Clearly, the world has changed since 2020. The effects of the coronavirus crisis that erupted that year are not even fully known yet. Before the restrictions put in place to tackle the pandemic had been fully lifted, the invasion of Ukraine began. This all happened very quickly, without anyone having had time to prepare for the worst. For too many students and young people, loneliness, financial worries and apprehensiveness about the future have cast an ever-present cloud over their lives.
But the climate crisis is real, and its effects can be seen all around us. The summers are getting hotter, virus outbreaks originating in different animal species have occurred around the world, and there is not enough clean water for everyone. Climate change does not get the media coverage it deserves, even though combating it would also prevent many other crises. To be sure, many companies and other organisations are keen to highlight environmental awareness as one of their values. However, there is a fear that such statements and actions are at best trivial and ineffectual, and at worst amount to little more than greenwashing.
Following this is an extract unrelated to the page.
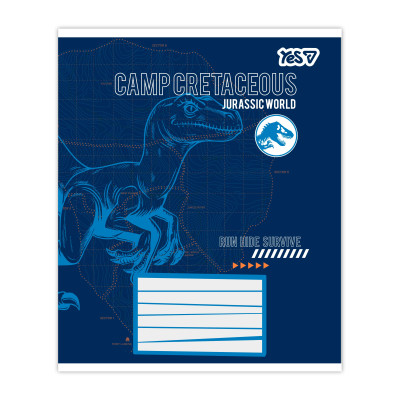 Зошит уч. "YES" 24арк.# /768816/ "Jurassic World.Camp cretaceous" (20/320)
The situation couldn’t be plainer: we need to take real action.
Environmental crisis as a whole is a distressing subject, and people can become weary or pessimistic as the natural world we have always taken for granted crumbles around us. It’s not fair to blame young people for not fearing the climate crisis more than anything else right now. After all, given the fact that society is structured in such a way as to sanitise or even conceal environmental breakdown, why should young people pay much attention to it? In my view, the responsibility lies firmly with decision-makers and media representatives. When young people fail to see the urgency of the climate crisis, the older generations must step up to do what’s required of them. Moreover, young people should not be the only ones to take responsibility – the environment is everyone’s concern. The climate crisis is a generational issue, and young people in particular will bear the brunt of it. It cannot be left to young people alone.